The issue has percolated in the Iowa Legislature for the past five years, ever since the proposals of three carbon capture pipeline projects crossing the state. Since then, just one proposed project remains — from Iowa-based Summit Carbon Solutions.
Summit Carbon Solutions has proposed a 2,500-mile CO2 pipeline through five states, including Iowa, to capture the greenhouse gas from ethanol plants and bury it in North Dakota. Defenders of the pipeline project say it will boost Iowa’s ethanol industry and reduce carbon dioxide emissions.
Regulators on the Iowa Utilities Commission in 2024 approved a permit for the Iowa section, including granting Summit eminent domain powers.

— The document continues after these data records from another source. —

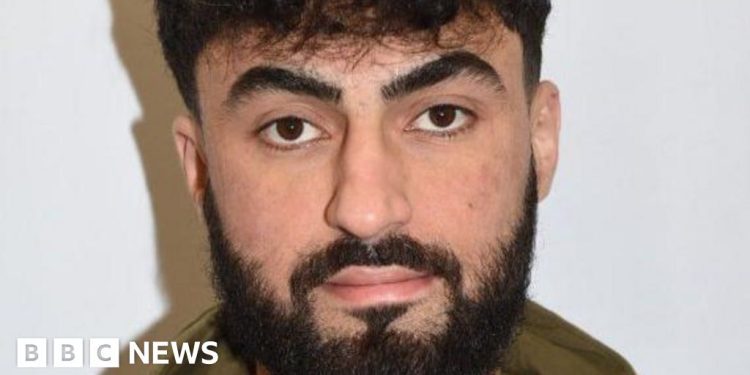 liverpool-barber-shared-is-beheadings-video-on-whatsapp-group-–-bbc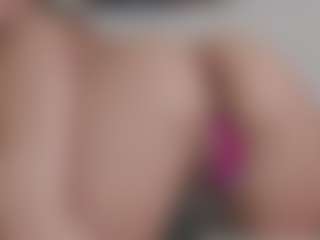 Isabela's Live Sex Cam Show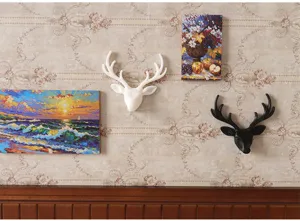 Vue detaillee d'un decor mural de tete de cerf miniature avec peinture dans un style retro.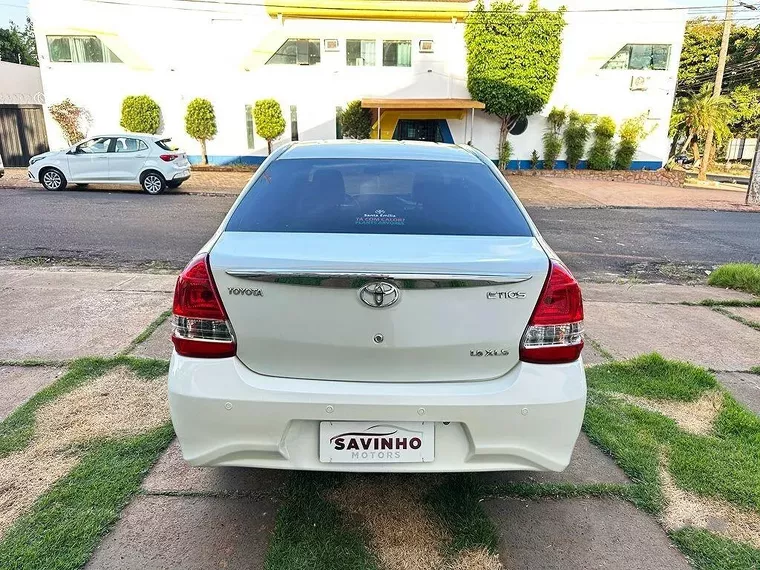 Toyota Etios Branco 15
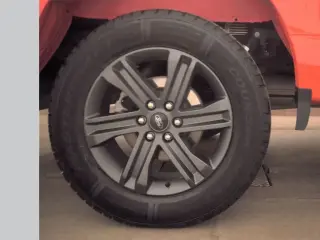 Ford F-150 2023 4x4 XL 4dr SuperCrew 5.5 ft. SB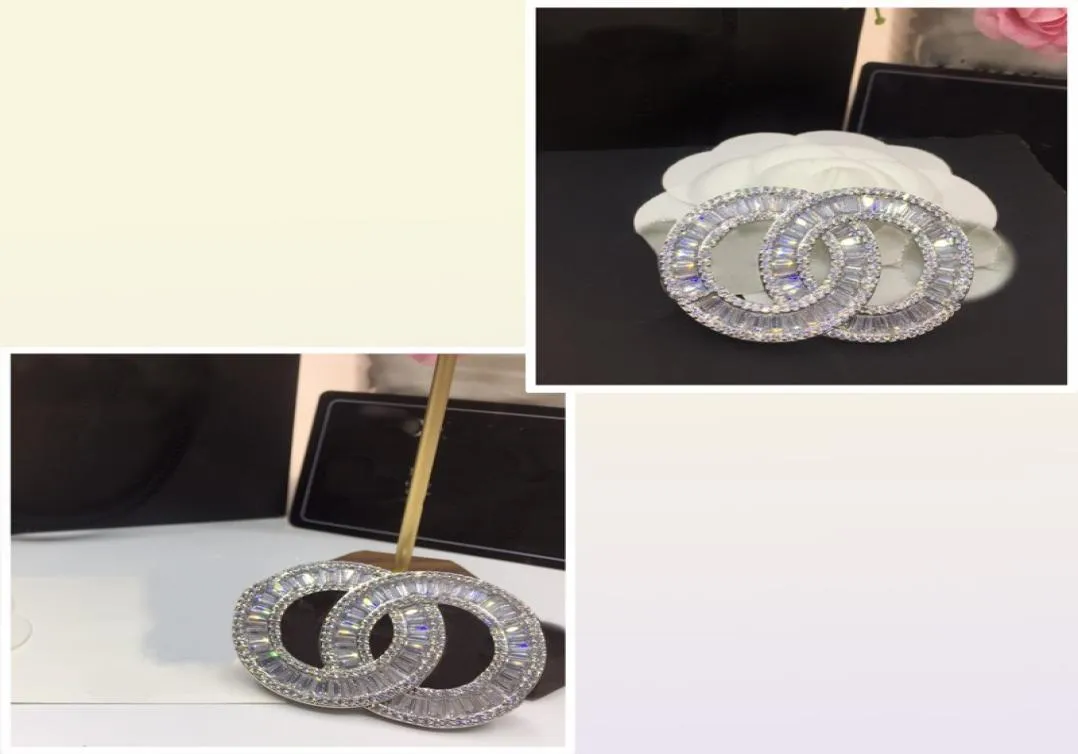 CH CRYSTAL BROCH DIAMOND STANCE ON BACK Märke smycken lyx avancerade broscher för designer högkvalitativa stift utsökta GI6847295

In the years since the pipeline was proposed, state legislators — primarily Republicans in the Iowa House — have filed and debated multiple pieces of legislation regarding property rights, eminent domain and more. The Iowa Legislature passed sweeping legislation during the 2025 session, but it was vetoed by Gov. Kim Reynolds, who said it was too broad.
House Republicans were divided during Wednesday’s debate and 64-28 vote: two Republicans spoke on the floor against the bill, and eight Republicans voted against the bill. Ten Democrats joined the rest of Republicans in voting for the bill.
Landowner activists, who have been regulars at the Iowa Capitol during recent legislative sessions, watched the debate and vote from the Iowa House gallery.
Rep. Brian Lohse, a Republican from Bondurant, said he believes the legislation violates the equal protection clauses of the U.S. and Iowa constitutions because it treats certain pipeline projects differently from others.
Rep. Chad Ingels, a Republican and farmer from Randalia, spoke about the need to have carbon dioxide pipeline projects in order to provide markets and financial opportunities for corn farmers, including sustainable aviation fuel.
“If this was signed into law, it would block this (carbon dioxide pipeline) project and any similar project to acquire a new market like this,” Ingels said. “The Sierra Club’s going to cheer; big-time party. The farmers, not so much.”
That was echoed by Iowa Renewable Fuels Association Executive Director Monte Shaw.
“(The bill) blocks Iowa farmers from participating in ultra-low carbon fuel markets just as demand for these innovative fuels takes off,” Shaw said in a statement issued after the bill passed the House. He urged the Iowa Senate to reject the bill.
Holt pushed back on that argument, saying he believes economic development is of critical importance, but that it should not come at the expense of landowners’ property rights.
“I think we all want economic development, but not at the expense of the constitutionally protected rights of our fellow citizens,” Holt said. “Those who want the pipeline, they can sign voluntary easements. Those who do not, have the constitutionally protected right to refuse, and the government has no right in this case to intervene.”
The House Republican bill is now eligible for consideration in the Iowa Senate, where majority Republicans touted their own property rights and eminent domain legislation earlier this week.
Senate Republicans’ proposal would allow hazardous liquid pipeline companies to amend planned and approved routes to enter into voluntary easements with landowners and avoid using eminent domain, if they wished.
The Senate Republican proposal would require carbon pipeline companies to “diligently exhaust” all alternatives and present “clear and convincing” evidence that they did so before requesting authorization by the Iowa Utilities Commission to use eminent domain.
Iowa Senate Majority Leader Mike Klimesh, a Republican from Spillville, said the legislation would balance the rights of landowners while creating new ethanol markets for struggling Iowa farmers as corn prices drop.
Reynolds did not mention the issue during her annual Condition of the State address to the Iowa Legislature at the start of the legislative session.